On Thursday 30 August and on Friday 31 August TU Delft Library hosted two events dedicated to the new European General Data Protection Regulation (GDPR) and its implications for research data. Both events were organised by the Research Data Netherlands: collaboration between the 4TU.Center for Research Data, DANS and SURF (represented by the National Research Data Management Coordination Point).
First: do no harm. Protecting personal data is not against data sharing
On the first day, we heard case studies from experts in the field, as well as from various institutional support service providers. Veerle Van den Eynden from the UK Data Service kicked off the day with her presentation, which clearly stated that the need to protect personal is not against data sharing. She outlined the framework provided by the GDPR which make sharing possible, and explained that when it comes to data sharing one should always adhere to the principle “do no harm”. However, she reflected that too often, both researchers and research support services (such as ethics committees), prefer to avoid any possible risks rather than to carefully consider them and manage them appropriately. She concluded by providing a compelling case study from the UK Data Service, where researchers were able to successfully share data from research on vulnerable individuals (asylum seekers and refugees).

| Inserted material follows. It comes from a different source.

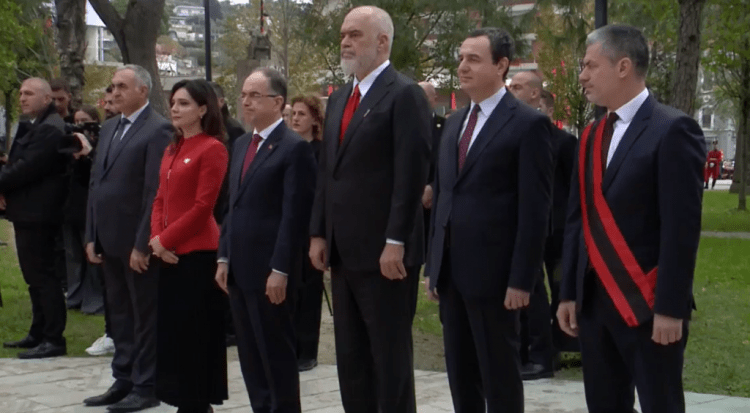 Dita e Flamurit, nis ceremonia në Vlorë, i pranishëm edhe kryeministri Kurti (Video)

From a one-stop shop solution to privacy champions
We have subsequently heard case studies from four Dutch research institutions: Tilburg University, TU Delft, VU Amsterdam and Erasmus University Rotterdam about their practical approaches to supporting researchers working with personal research data. Jan Jans from Tilburg explained their “one stop shop” form, which, when completed by researchers, sorts out all the requirements related to GDPR, ethics and research data management. Marthe Uitterhoeve from TU Delft said that Delft was developing a similar approach, but based on data management plans. Marlon Domingus from Erasmus University Rotterdam explained their process based on defining different categories of research and determining the types of data processing associated with them, rather than trying to list every single research project at the institution. Finally, Jolien Scholten from VU Amsterdam presented their idea of appointing privacy champions who receive dedicated training on data protection and who act as the first contact points for questions related to GDPR within their communities.

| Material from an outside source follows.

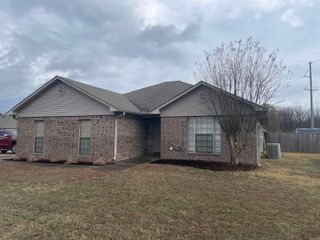 1720 Milestone Drive, Conway, AR 72034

Lots of inspiring ideas and there was a consensus in the room that it would be worth re-convening in a year’s time to evaluate the different approaches and to share lessons learned.
How to share research data in practice?
Next, we discussed three different models for helping researchers share their research data. Emilie Kraaikamp from DANS presented their strategy for providing two different access levels to data: open access data and restricted access data. Open datasets consist mostly of research data which are fully anonymised. Restricted access data need to be requested (via an email to the depositor) before the access can be granted (the depositor decides whether access to data can be granted or not).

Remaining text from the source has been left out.